Набоков не любил “средних”, заурядных и “групповых” людей. Пожалуй, он одним из первых, не будучи профессиональным социальным мыслителем, в “Истреблении тиранов”, а затем в “Под знаком незаконнорожденных” поставил другой знак – равенства – между советским и нацистским режимами. В героях рассказа и романа можно обнаружить не только черты Сталина, Гитлера и, наверное, Муссолини, но и безжалостно точные характеристики эстетики и идеологии тиранической власти. Сколько аллюзий только в одном названии партии, лидером которой является диктатор Падук из “Под знаком незаконнорожденных”: Партия Среднего Человека! “Отберите у Гитлера его пушку, – писал Набоков в 1940-м, – он окажется не более чем сочинителем вздорной брошюры, заурядным ничтожеством”.
Почтовая марка
Во многих “асоциальных” набоковских высказываниях можно обнаружить аристократическую спесь, унаследованную от деда и отца и упрочившуюся благодаря англофильскому воспитанию и кембриджской выучке. (Недаром Набоков отмечал в своей семье “склонность к удобным порождениям англосаксонской цивилизации”.) И отчасти это будет правдой, если, конечно, забыть о том, что большую часть жизни Набоков провел в весьма демократичной обстановке и даже бедствовал. Это будет неправдой, если разобраться в природе “политических” установок великого писателя.

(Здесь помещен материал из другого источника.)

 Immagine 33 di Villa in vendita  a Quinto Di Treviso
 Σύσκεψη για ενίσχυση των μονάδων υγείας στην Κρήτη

Миром добра для него был социум, поддерживающий индивидуальную свободу. Он брезгливо относился к проявлениям социального недовольства в США или Франции, зато восхищался мужеством диссидентов в Чехословакии и Советском Союзе и выступлениями студентов за “железным занавесом”. Значит, четко разделял 1968-й по левую сторону от железного занавеса и по правую. Самиздатчиков он называл “лучшей подпольной частью русской интеллигенции”, а финансовая поддержка инакомыслящих не ограничивалась тем, что Владимир и Вера Набоковы как-то послали в подарок Иосифу Бродскому джинсы. 26 мая 1974 года в британском “Обсервере” Набоков напечатал пылкое воззвание в защиту Владимира Буковского, полное искреннего романтического восторга: “Героическую речь Буковского на суде в защиту свободы и его пять лет мученичества в психиатрическом тюремном заключении будут долго помнить после того, как погибнут палачи, которым он бросил вызов”.
Набоков был категоричен в своей любви к Америке. Критерий был простой: в США – свобода; в мире, противостоящем Америке, – несвобода. Остальное – малозначащие нюансы. Отсюда же (плюс органическое неприятие антисемитизма) – последовательная поддержка Израиля, в том числе и в дни Шестидневной войны.